This obsession to keep every possible piece of detail is so important even when this detail can only be perceived at home in front of their monitors at 100% is getting a little silly. It has even come to the point where photographers are afraid to open up or stop down a lens to have an ideal DoF for an image rather than lose "pixel-level detail" at the lens's "sweet spot." Even when this detail will never be perceived in a print. Although, manufactures can now save some money by just putting a fixed f/11 aperture in each lens and be done with it.

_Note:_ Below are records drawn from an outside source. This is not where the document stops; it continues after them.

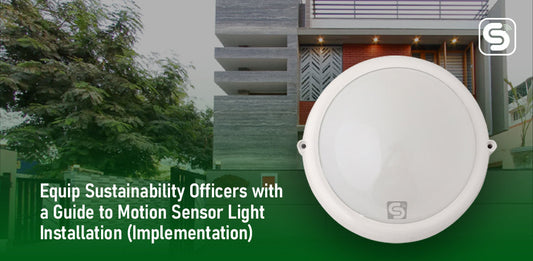 Equip Sustainability Officers with a Guide to Motion Sensor Light Installation highlighting motion sensor lighting for energy-efficient and sustainable indoor spaces.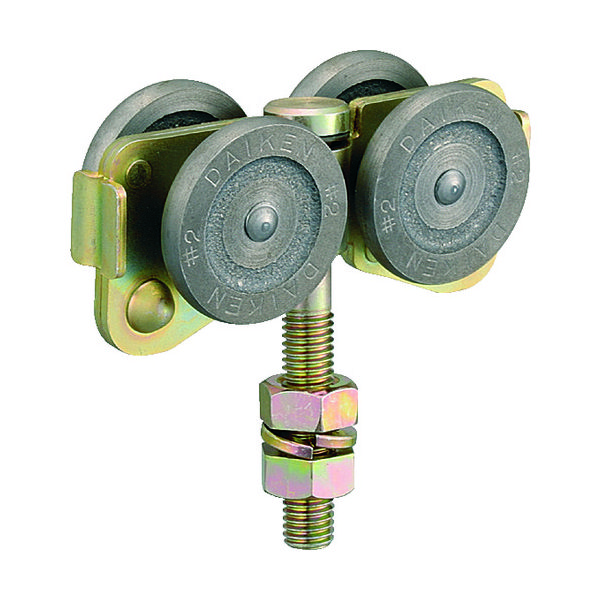 ダイケン（DAIKEN） ダイケン 2号ドアハンガー用トロリー複車 2-4WHTR 1個 275-3057（直送品）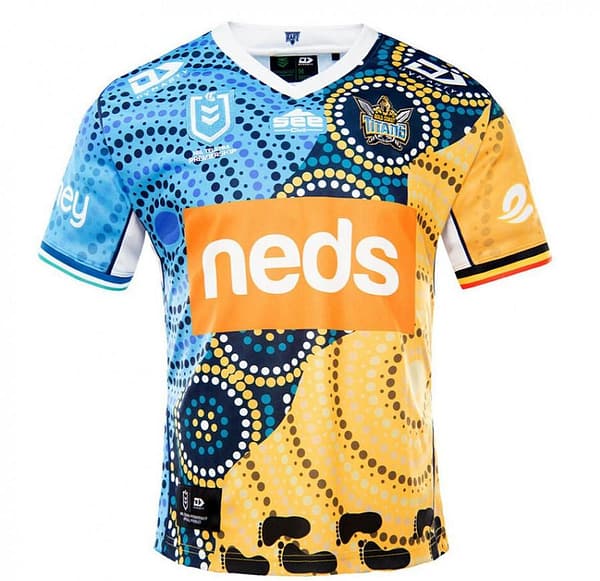 Gold Coast Titans 2021 Mens Indigenous Rugby Jersey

I'm going to clumsily wade into what I half-discern to be newly roiled waters plashing on the sands surrounding Michael's luminous lake.  (Partial disclosure  Wink : my degree is in rhetoric; my advanced degree is in painting; and that winky emoticon needs a skilled make-over.)

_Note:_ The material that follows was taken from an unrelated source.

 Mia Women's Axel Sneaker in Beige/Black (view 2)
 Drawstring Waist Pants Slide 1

theguywitha645d makes a good point, poorly.  The point made is that the differences being discussed may not be perceivable in a print.  The way it was made was to:
 - demean the author by generalizing to "photographers",
 - demean the author by presenting the criticism as a failure to understand basic science
 - falsely strengthen the claim by presenting the straw man "the afraid photographer"
 - and then lather the false argument with the pepper-jelly of "knowing" sarcasm

I see this unmannered bullying behavior regularly.  I see it more and more frequently on LuLa.  It has no place in public discussion.  Imho.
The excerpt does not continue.